L’ensemble des situations de handicap ne peuvent être comparables. Ces situations sont répertoriées en 5 catégories par l’Organisation mondiale de la santé (OMS), à savoir : le handicap moteur, le handicap sensoriel, le handicap psychique, le handicap mental et les maladies invalidantes. Chacune de ces catégories suggère une prise en charge différente, avec des dépenses pouvant atteindre des sommes conséquentes.
Le Rassemblement National entend apporter des solutions à l’ensemble des catégories visées par l’OMS, et ce sans distinction. En effet, le matériel et les prestations médicales coûtent extrêmement chers (en moyenne 3.000 € pour un fauteuil roulant électrique, avec des modèles dépassant 20.000 €). Ces montants, hors de prix pour une majorité de foyers français, peuvent être pris en charge par l’Assurance maladie. Cependant, certaines personnes ont besoin de changer de matériel ou de bénéficier de nouvelles prestations, alors même que les délais permettant l’ouverture de nouveaux droits ne sont pas atteints.
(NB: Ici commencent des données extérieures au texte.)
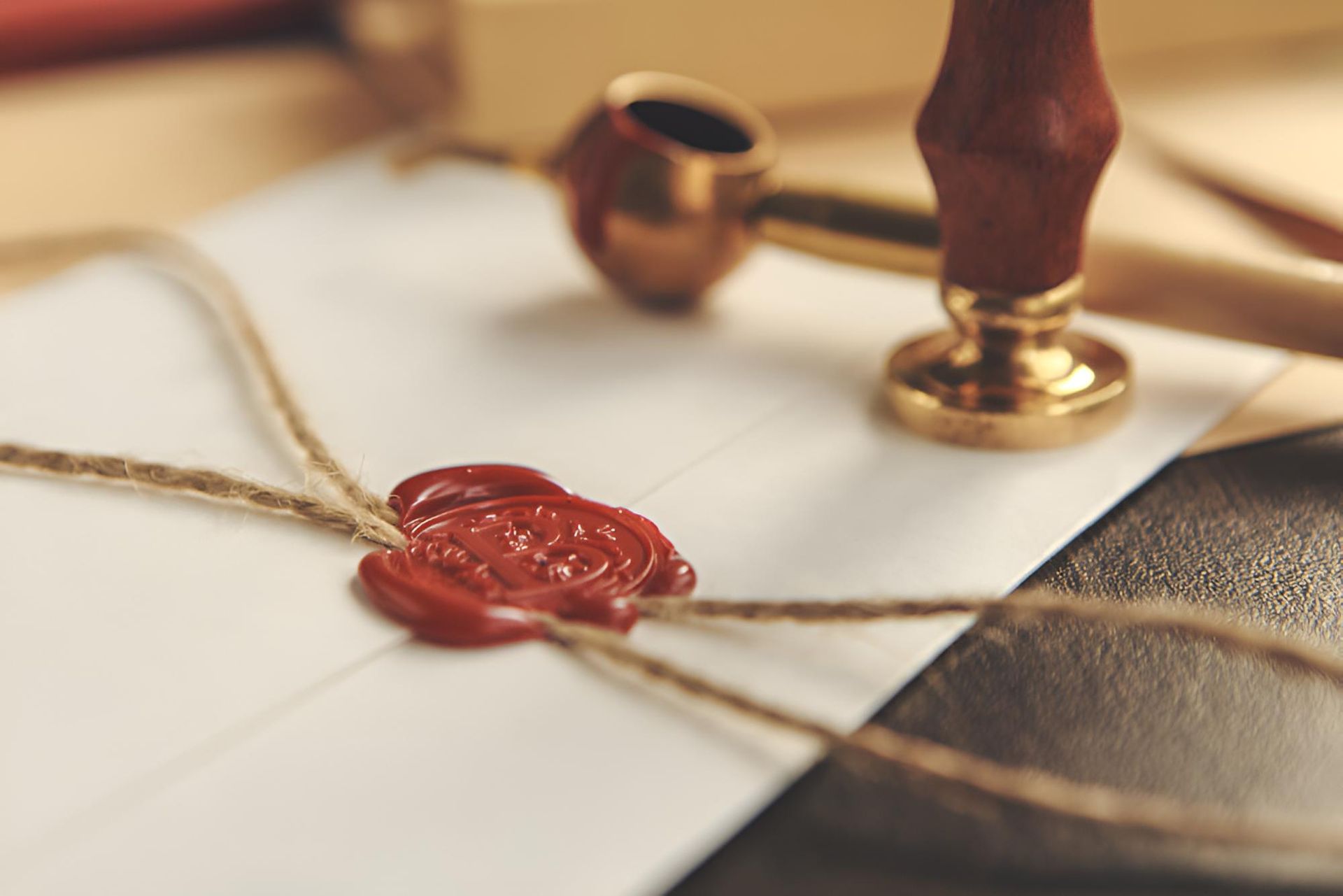 A Letter With a Red Wax Seal and a Stamp on It — Bradley J Bragg - Solicitor in Atherton, QLD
Par définition, un enfant n’a pas fini sa croissance et a besoin d’adapter son appareillage en fonction de son âge. Généralement, les droits sont ouverts pour des périodes allant de 2 à 5 ans. Or, à l’évidence, un enfant en situation de handicap ne peut rester avec le même appareillage à ses 3 ans puis ses 4 ans, ce d’autant que l’inadaptation de l’appareillage pose la question de l’inclusion dans la société. Si la personne n’a plus un appareil adapté, il lui sera compliqué d’aller à l’école, au travail, ou tout simplement de sortir de chez elle. Le cas des enfants est le plus parlant, mais ces situations sont également vécues par de nombreux adultes, qui connaissent un changement morphologique rapide ou une évolution de leur handicap.
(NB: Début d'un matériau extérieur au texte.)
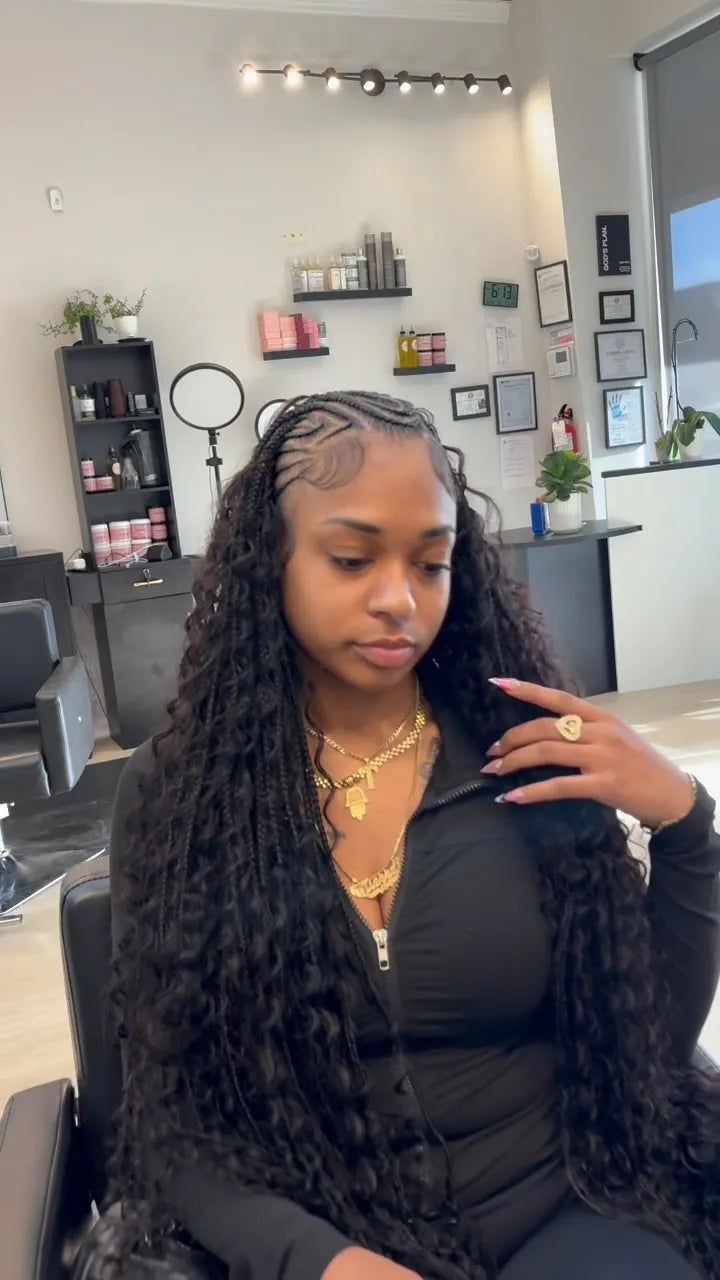 Long curly boho braids with side cornrow detail, hairstylist in Houston, TX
Notre modèle social doit être en mesure de répondre à la complexité de l’évolution du handicap de chacun. Il convient de mettre fin à ces injustices qui excluent de la société une part importante de nos concitoyens. Pour ce faire, cet amendement vise à demander au Gouvernement la remise d’un rapport au Parlement relatif à l’opportunité de rendre possible le remboursement si nécessaire du matériel et des prestations mentionnés à l’article L165‑1 du Code de la sécurité sociale, et ce même si le délai d’ouverture de nouveaux droits n’est pas arrivé à échéance.
Cet amendement vise à demander au Gouvernement la remise d’un rapport au Parlement sur la possibilité de rembourser si nécessaire le matériel et les prestations mentionnés à l’article L165‑1 du Code de la sécurité sociale, et ce même si le délai d’ouverture de nouveaux droits n’est pas arrivé à échéance.